Authorities in Mexico have announced that they have arrested a number of cartel members in connection with a brutal ambush that claimed the lives of several American citizens.
Three women and six children were killed after gunmen opened fire on the LeBaron family as they traveled through Sonora state.
In a statement released Sunday, Mexico’s federal prosecutor’s office revealed that intelligence officials, along with military personnel, had detained several suspects after launching a raid at an undisclosed location.
According to USA Today, three suspects were arrested just south of the Arizona border in Sonora state, right near where the vicious attack took place.
Despite the Mexican authorities heralding the arrests as a great move forward in the investigation, members of the grieving LeBaron family reacted with skepticism.
“I would imagine these are low-level people,” relative Julián LeBaron told the outlet. “We want to know who gave the order and who is responsible.”

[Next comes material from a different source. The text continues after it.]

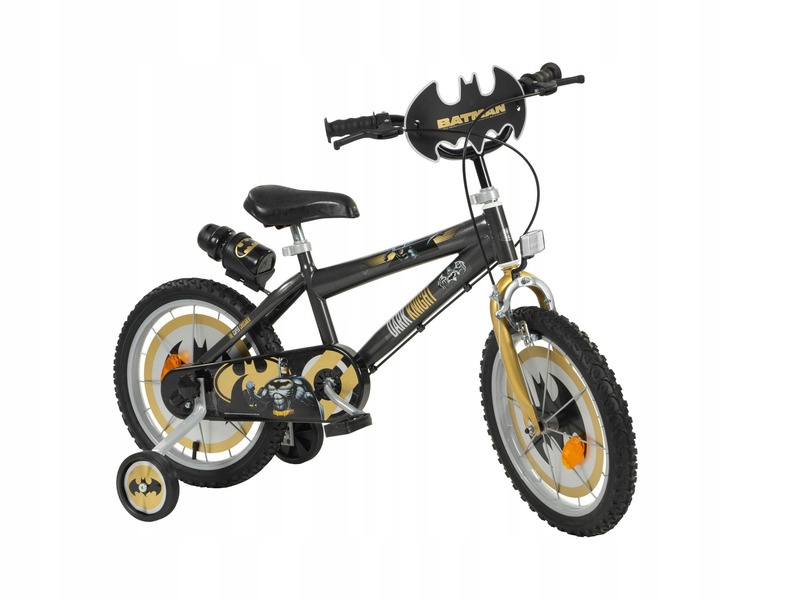 Rower dziecięcy Toimsa Batman 16 cali dla chłopca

LeBaron has previously suggested that the FBI is in possession of further evidence regarding the attack.
“There’s a video that the FBI has of 12 guys dressed in black with helmets, like special forces, coming down the hill, opening fire on my cousin’s vehicle,” he said. “When they got to the vehicle, they got her purse … I don’t think anyone questions the fact that it was targeted.”

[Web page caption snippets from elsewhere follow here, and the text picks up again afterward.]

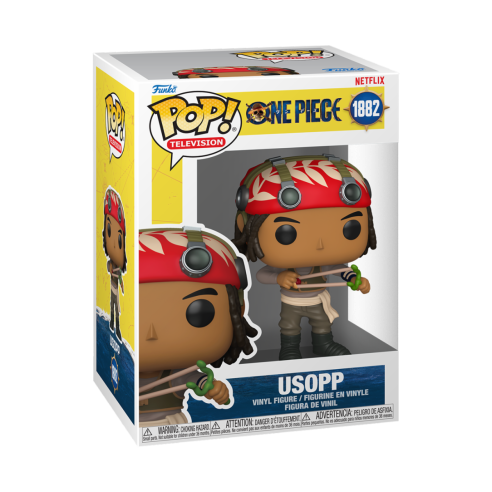 One Piece POP! Vinyl Figure Usopp 9 cm 1882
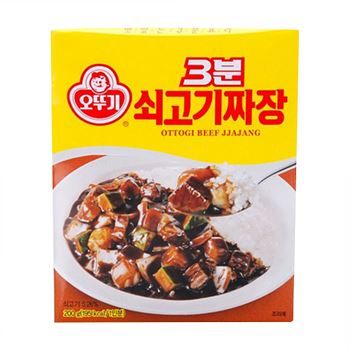 OTTOGI 3MIN BEEF JJAJANG 200G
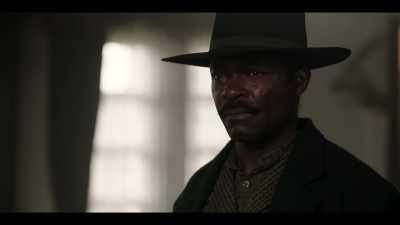 You know, I was wondering
when the foreplay would end - Lawmen: Bass Reeves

Many in the extended LeBaron family have called on the president to designate the cartels a “terrorist group,” and to intervene in the relentless, bloody drug war.
Trump told Bill O’Reilly last week that he would be making the designation, but the Mexican government sees this as meddling.
“We recognize … President Trump has offered us help and respect. That’s to say, he was respectful and offered help and at the same time respected our sovereign right to decide with independence,” President López Obrador told his supporters Sunday. “The government of Mexico will fulfill its responsibility to do justice.”
On Monday, relatives of the slain family met with the President to address how exactly the cartels will be combatted moving forward.
Obrador has been criticized for tackling the crisis not with the military, but with social programs. His strategy has been dubbed “hugs, not bullets.”
“The problem of violence is enormous, it is immensely large,” Julian LeBaron told reporters following the meeting, according to the Washington Post. “There are thousands, tens of thousands, if not hundreds of thousands, but millions of hit men, and the only way to stop it is to put all the differences we have — political, cultural, religious and everything else — aside and to say, ‘Hey, we have to reach a level of minimal civilization where life is respected.’”
LeBaron urged that he wanted more high-level arrests to be carried out in due course.
Over the weekend, at least 20 people were killed when the Cartel of the Northeast clashed with security forces in the town of Villa Union, just 40 miles from Eagle Pass, Texas.